This is the first milestone report in the Coursera Data Science Specialization Capstone course. A large corpus of text will be used to explore Natural Language Processing (NLP). This report addresses cleaning the data in the corpus and exploratory data analysis.
The following libraries will be used to clean and explore the corpus.
suppressMessages(library(ggplot2))
suppressMessages(library(tm))
suppressMessages(library(quanteda))
The corpora were collected from publicly available sources by a web crawler. The data is stored in the following text files:
blogs_data<-readLines("final/en_US/en_US.blogs.txt", encoding = "UTF-8", skipNul = TRUE)
news_data<-readLines("final/en_US/en_US.news.txt", encoding = "UTF-8", skipNul = TRUE, warn = FALSE)
twitter_data<-readLines("final/en_US/en_US.twitter.txt", encoding = "UTF-8", skipNul = TRUE)
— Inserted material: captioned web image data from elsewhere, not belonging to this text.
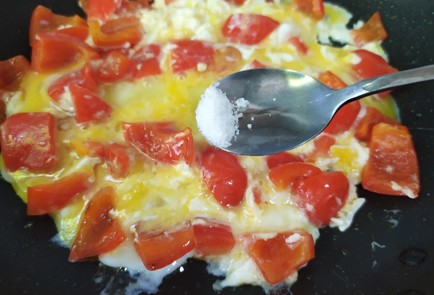 Фото шага рецепта Яичница с сыром фета 190324 шаг 5  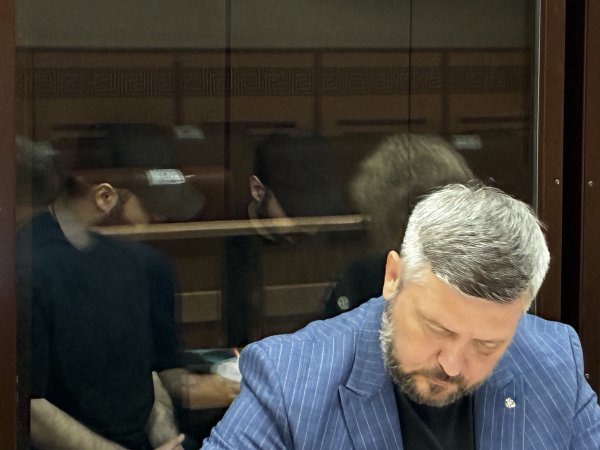 Близнецы Макар и Егор Макаровы — в стеклянной клетке за спиной одного из своих адвокатов. Фото 1743.ru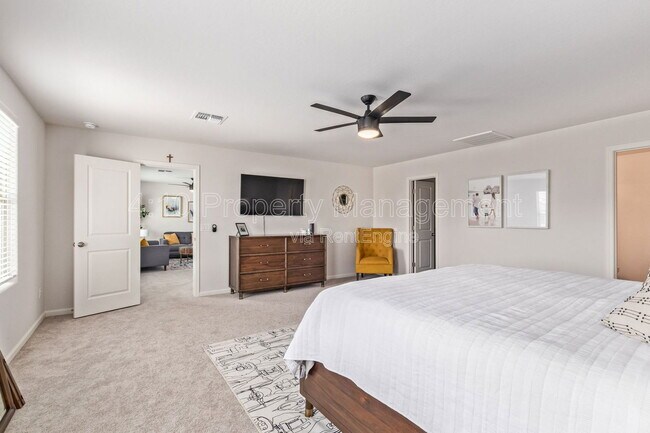 Building Photo - 45174 W Sandhill Rd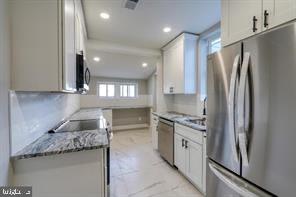 160 East St Property Photo 11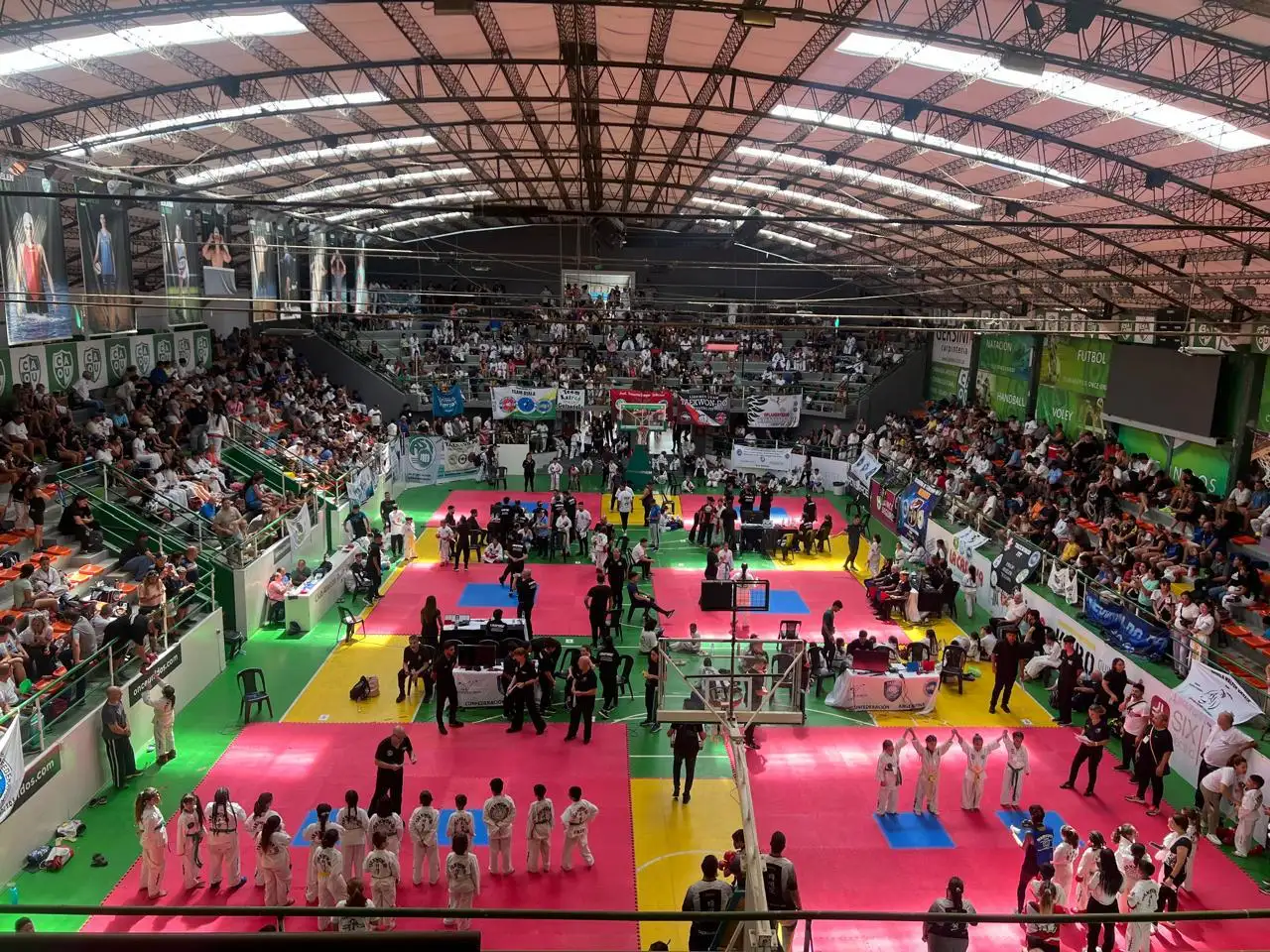 La imagen panorámica de la competencia en la Copa de la Costa.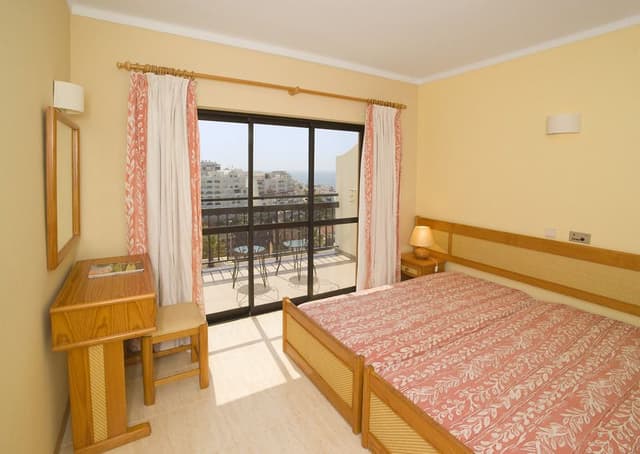 APARTMENT ONE BEDROOM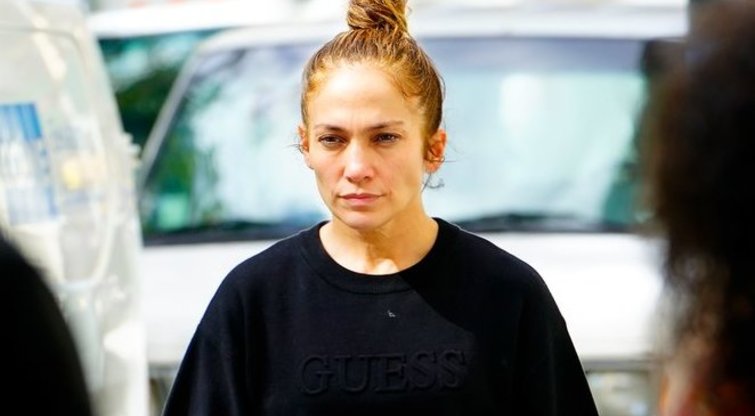 Jennifer Lopez be makiažo (nuotr. Vida Press)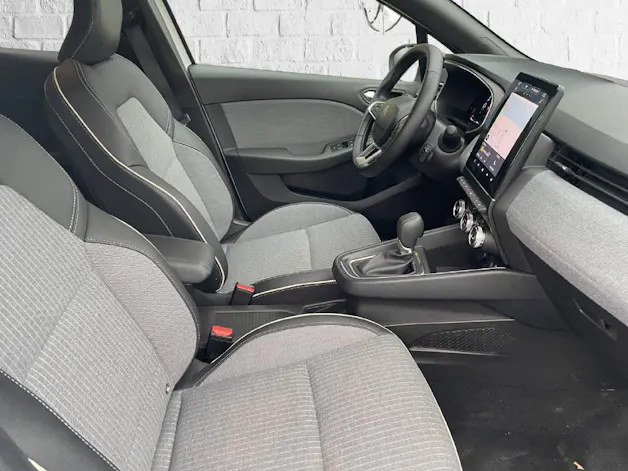 Renault Clio 1.6 E-Tech techno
The following aspects of the data will help us understand the data with which we are working.
blogs_size<-file.size("final/en_US/en_US.blogs.txt")/2^20
news_size<-file.size("final/en_US/en_US.news.txt")/2^20
twitter_size<-file.size("final/en_US/en_US.twitter.txt")/2^20
blogs_lines<-length(blogs_data)
news_lines<-length(news_data)
twitter_lines<-length(twitter_data)
blogs_max<-max(nchar(blogs_data))
news_max<-max(nchar(news_data))
twitter_max<-max(nchar(twitter_data))
The results of the preliminary analysis is diplayed in the following data frame.
data.frame(file = c("blogs", "news", "twitter"),
file_size = c(blogs_size, news_size, twitter_size),
num_lines = c(blogs_lines, news_lines, twitter_lines),
char_max = c(blogs_max, news_max, twitter_max))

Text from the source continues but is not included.